Derived from a manga masterminded by another female artist, Yoshitoki Ōima, and written for the screen by another female manga artist, Reiko Yoshida, the story opens in a grade school, with the arrival of a deaf student, a girl named Shōko Nishimiya (voiced in Japanese by Saori Hayami, in English by Lexi Cowden, aka Lexi Marman, who actually is deaf).
Shōko’s shy, understandably, and because her speech is hard to understand, she usually communicates by writing on a notepad. She’s hopeful that she can find friends, but she soon falls into the harsh realities of grade school culture.
The male protagonist’s name sounds almost, but not quite, like Shōko’s: Shōya Ishida (voiced in Japanese as a smaller boy by Miyu Irino, as an older boy by Mayu Matsuoka, and in English by Ryan Shanahan and Robbie Daymond). Shōya’s brash and quick to speak out, and quick to take offense. He loves being the center of attention, but lacks the self-awareness to see how his behavior conceals anxiety and low self-esteem.
Shōya isn’t the only one who makes fun of Shōko, tossing her notepad around, mocking her attempts to speak, lampooning her behind her back so that she has no idea what’s going on. Some of the bullying in the film is hard to watch. I think it’s important to remember that such things go on every day against people perceived as weak, as different, as unable to fight back. This is something deeply ingrained in the human psyche, and we need to accept that before we can consider what to do about it.
But in an all-too-realistic turn of the cards, the bully ends up being bullied. Shōko grows manifestly unhappy, and her parents feel she’s not safe, so they pull her out of the school. Shōya, for his part, ends up with the blame for everything bad that’s happened. The other kids deny any of their own responsibility. Suddenly he’s on the hook for everything, and the ones he thought had his back, desert him. He’s left miserable, resigned to life as an outcast, mistrustful, and hostile to anyone who tried to get close.
The action switches to high school. Shōya, still sunk in shame and anger, can’t look at any of his peers in the eye, and he shuffles along staring at the floor until a chubby, very excitable fellow named Tomohiro Nagatsuka (voiced by Kenshō Ono and Graham Halstead) enters his life.
Tomohiro knows he’s small, heavy-set, and unattractive, and he reacts by lashing out and threatening violence, though often in a comic manner. He’s grateful to Shōya for showing him any attention at all. The ups and downs of having his first new friend in years inspires Shōya to reform his life, and to try to reconcile with Shōko, whom he hasn’t seen in years.
The film features many blaring emotional crises and people threatening to destroy themselves. The film devolves into melodrama at such points.

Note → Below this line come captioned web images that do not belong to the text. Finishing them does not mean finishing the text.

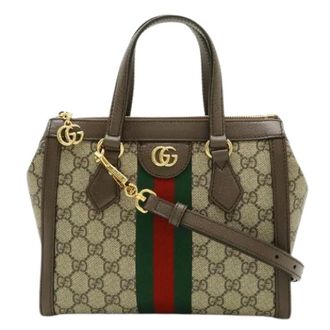 Gucci Pre-owned Ophidia GG Supreme coated canvas 2way bag - Dames - Pre-owned - Bruin - Maat: ONE Size Leer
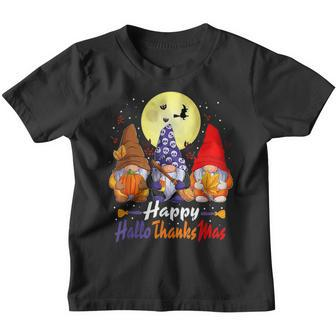 Happy Hallothanksmas Gnomes Halloween Thanksgiving Christmas V50 Youth T-shirt - Thegiftio UK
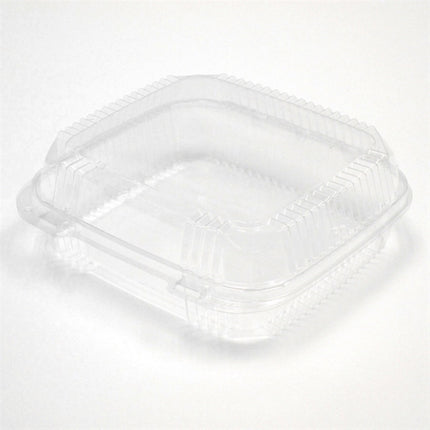Pactiv® ClearView® SmartLock® Medium Hinged Lid Container, 8.2" X, 8.3" X 2.9", Clear, 200/Case-B2B Discounters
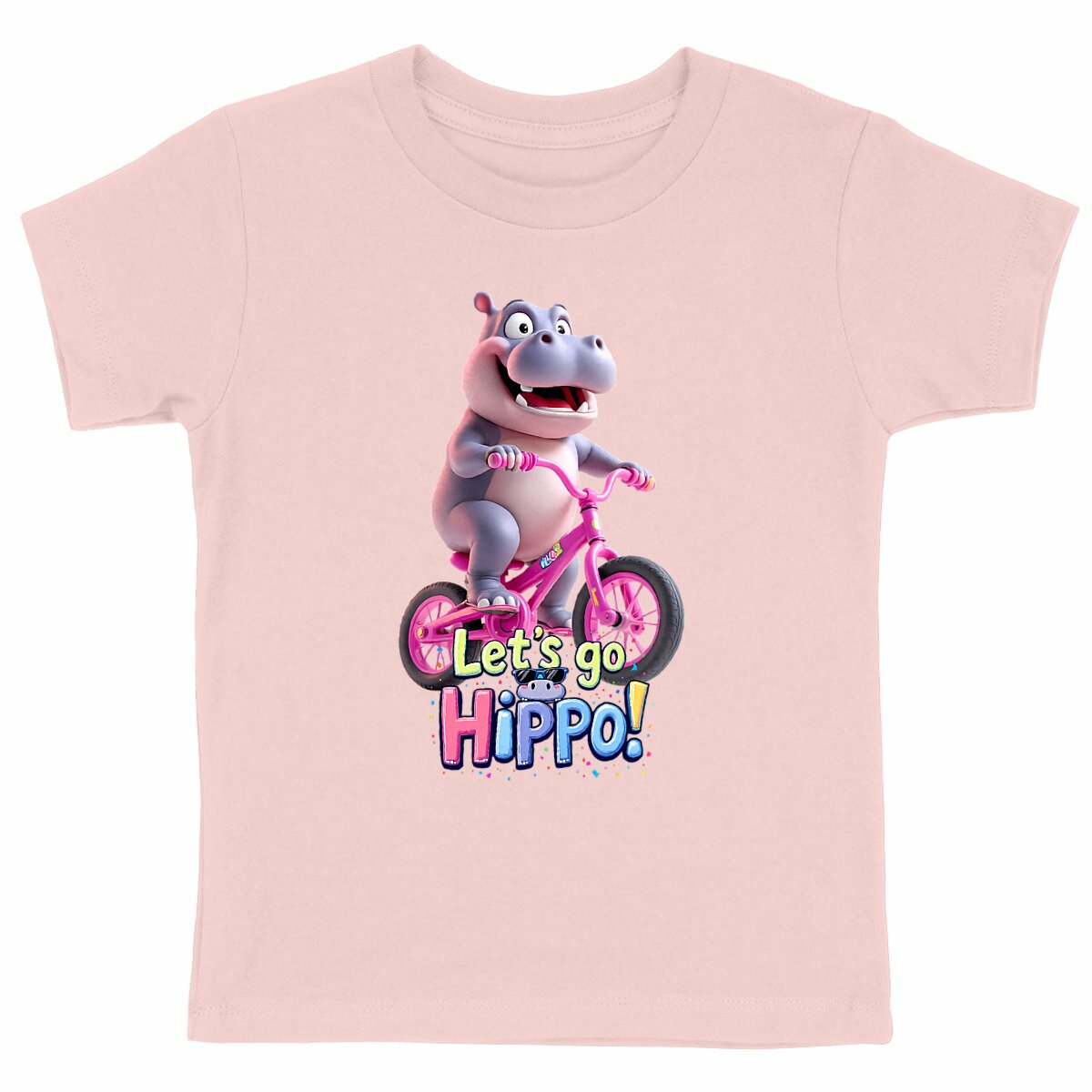 T-shirt enfant 100% coton bio "Let's go Hippo !" - face_rose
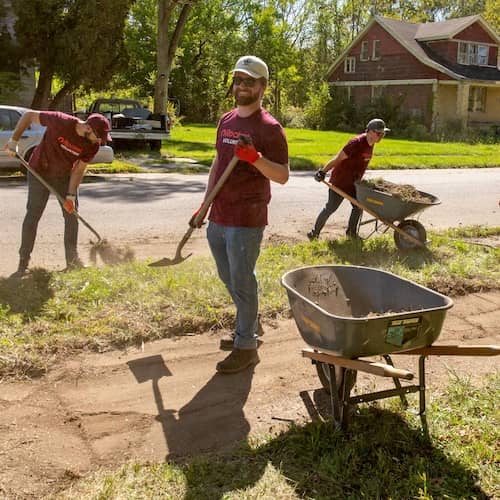 Team members at a volunteer event.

When it concentrates on the dynamics of young people, though, the ways that they scheme and justify themselves, the way they attack what they fear and fear what they don’t understand, it hits spot-on. I’ll be interested in what the different members of this creative team bring to us in the future.
“A Silent Voice” plays Jan. 28 (subtitled) and Jan. 31 (dubbed into English) at 7 p.m. both nights, Regal Thornton Place 14, 301 N.E. 103rd Place, in Seattle. There will be additional showings at Lincoln Square Cinemas in Bellevue and Regal Bella Bottega 11 Cinema in Redmond. Consult local listings for more details.